[The data — start]
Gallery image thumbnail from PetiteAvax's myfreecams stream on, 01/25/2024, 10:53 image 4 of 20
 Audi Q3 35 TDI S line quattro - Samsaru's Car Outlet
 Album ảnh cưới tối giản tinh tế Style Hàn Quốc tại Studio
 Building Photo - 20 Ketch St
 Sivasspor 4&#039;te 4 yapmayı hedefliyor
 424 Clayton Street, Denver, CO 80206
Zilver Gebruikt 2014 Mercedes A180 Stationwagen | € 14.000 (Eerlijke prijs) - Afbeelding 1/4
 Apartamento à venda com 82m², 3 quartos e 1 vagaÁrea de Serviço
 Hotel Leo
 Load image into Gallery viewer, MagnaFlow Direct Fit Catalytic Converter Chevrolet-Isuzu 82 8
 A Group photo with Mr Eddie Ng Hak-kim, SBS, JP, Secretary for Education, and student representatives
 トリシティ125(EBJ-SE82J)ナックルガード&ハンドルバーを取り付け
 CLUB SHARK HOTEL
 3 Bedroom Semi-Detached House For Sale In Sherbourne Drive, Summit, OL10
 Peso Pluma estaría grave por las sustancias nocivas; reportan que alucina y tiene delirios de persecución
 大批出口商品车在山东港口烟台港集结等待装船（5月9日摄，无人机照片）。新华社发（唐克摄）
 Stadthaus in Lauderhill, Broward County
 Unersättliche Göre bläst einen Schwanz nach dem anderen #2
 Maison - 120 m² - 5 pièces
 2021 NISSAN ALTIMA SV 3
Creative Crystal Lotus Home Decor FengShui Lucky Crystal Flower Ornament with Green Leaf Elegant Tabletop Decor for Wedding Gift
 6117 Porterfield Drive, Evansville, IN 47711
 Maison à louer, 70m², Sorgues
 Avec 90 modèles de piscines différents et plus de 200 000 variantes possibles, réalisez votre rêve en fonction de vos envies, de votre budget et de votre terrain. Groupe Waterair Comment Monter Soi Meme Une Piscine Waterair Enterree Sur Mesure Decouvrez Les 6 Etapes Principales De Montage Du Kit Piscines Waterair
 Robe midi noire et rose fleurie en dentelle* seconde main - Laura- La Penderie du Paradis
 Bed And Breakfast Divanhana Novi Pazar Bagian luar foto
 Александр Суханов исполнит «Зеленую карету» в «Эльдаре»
[The data — finish]
#### Activity
Print exactly, and only, the lines beginning at the top of the listing and ending at the line with "2021 NISSAN ALTIMA SV 3".

#### Expected output
Gallery image thumbnail from PetiteAvax's myfreecams stream on, 01/25/2024, 10:53 image 4 of 20
 Audi Q3 35 TDI S line quattro - Samsaru's Car Outlet
 Album ảnh cưới tối giản tinh tế Style Hàn Quốc tại Studio
 Building Photo - 20 Ketch St
 Sivasspor 4&#039;te 4 yapmayı hedefliyor
 424 Clayton Street, Denver, CO 80206
Zilver Gebruikt 2014 Mercedes A180 Stationwagen | € 14.000 (Eerlijke prijs) - Afbeelding 1/4
 Apartamento à venda com 82m², 3 quartos e 1 vagaÁrea de Serviço
 Hotel Leo
 Load image into Gallery viewer, MagnaFlow Direct Fit Catalytic Converter Chevrolet-Isuzu 82 8
 A Group photo with Mr Eddie Ng Hak-kim, SBS, JP, Secretary for Education, and student representatives
 トリシティ125(EBJ-SE82J)ナックルガード&ハンドルバーを取り付け
 CLUB SHARK HOTEL
 3 Bedroom Semi-Detached House For Sale In Sherbourne Drive, Summit, OL10
 Peso Pluma estaría grave por las sustancias nocivas; reportan que alucina y tiene delirios de persecución
 大批出口商品车在山东港口烟台港集结等待装船（5月9日摄，无人机照片）。新华社发（唐克摄）
 Stadthaus in Lauderhill, Broward County
 Unersättliche Göre bläst einen Schwanz nach dem anderen #2
 Maison - 120 m² - 5 pièces
 2021 NISSAN ALTIMA SV 3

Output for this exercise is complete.